Tibetan women also wear waist knives and waist hooks. Waist hooks are usually forged with silver or bronze and are used to hang knives on. Some knives are oblong with two S-shaped ends, and some are rhombic in shape, with four S-shaped corners. Waist hooks feature patterns and images of Tibetan Buddhism such as bottles, Dharma wheels and deer, but they also display patterns on traditional Han themes such as phoenixes, lions and dragons. Out of all the patterns used, one pattern - called "the four brothers in harmony" - originated in a Tibetan folk story. In ancient times, because of the bad climate, elephants, lions, rabbits and birds could not find enough fruit to eat, so they worked together to find fruit - the harvest they reaped was both material and, more importantly, spiritual. "The four brothers in harmony" story is about harmony and is represented by images of animals picking fruit together.

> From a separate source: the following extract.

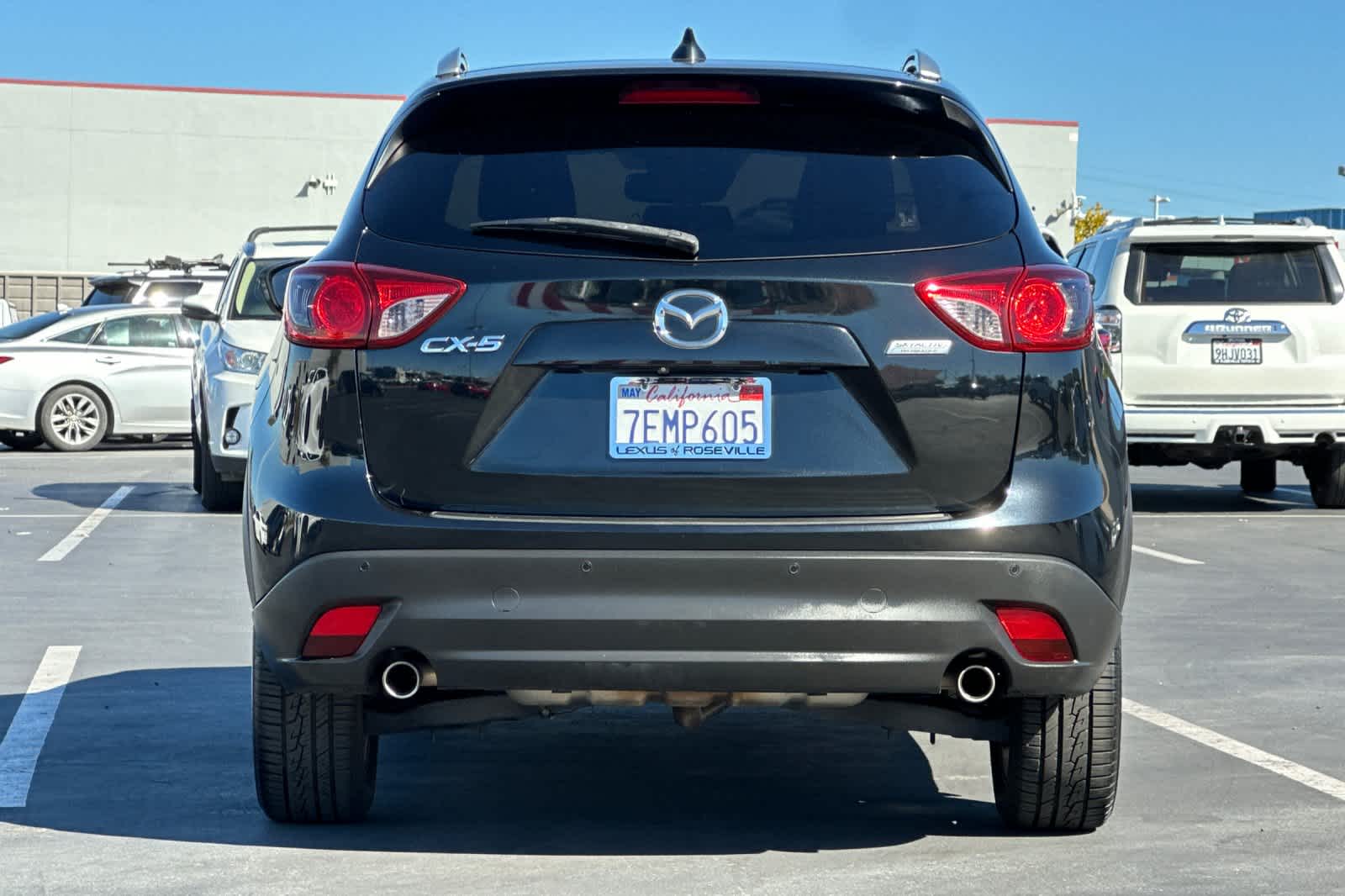 Thumbnail: 2014 Mazda CX-5 - 8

The Monba people and the Lhoba people also live on the Qinghai-Tibet Plateau. Though they have their own languages and clothes, they have much in common with Tibetans. Apart from wearing similar long gowns, Monba men also wear leather hats and belts, and women also wear their hair loose or in plaits, and use Buddhist beads and waist hooks. Their boots are also basically the same as Tibetan boots. However, Monba clothes and Lhoba clothes have their own distinct details. Monba men wear a small hat with a brown round top, an orange edge and a front gap, a pair of big earrings and a pair of red and black soft-soled boots of cow skin. Monba women wear a white tube-shaped apron outside a gown, along with a piece of cow-skin or sheep-skin.

Lhoba men wear bear-skin hats, which are mostly round with brims made of compressed bear-skin topped with fur. A piece of bear-skin hangs down at the back of the hat, across the neck, originally to protect the wearer from arrows or swords. From a distance, the back of Lhoba hats make the wearer look as though they have thick, loose black hair. Lhoba men and women all wear ornaments, which can sometimes weigh several kilograms. Men wear belts inlaid with round convex silver ornaments, shells and strings of pearls. Several strings of silver beads hang on both sides of the belt, earrings also feature hanging beads, and several necklaces hang in front of the chest. Men wear bracelets and carry long swords, arrows, tobacco pipes and tobacco cases. Women's ornaments are even more amazing. Women wear dozens of turquoise necklaces, and strings of seashells, bronze bells, silver coins, iron chains, bronze sheets, flints, and small knives secured around the waist. The quality and quantity of these ornaments directly reflect a family's wealth and status.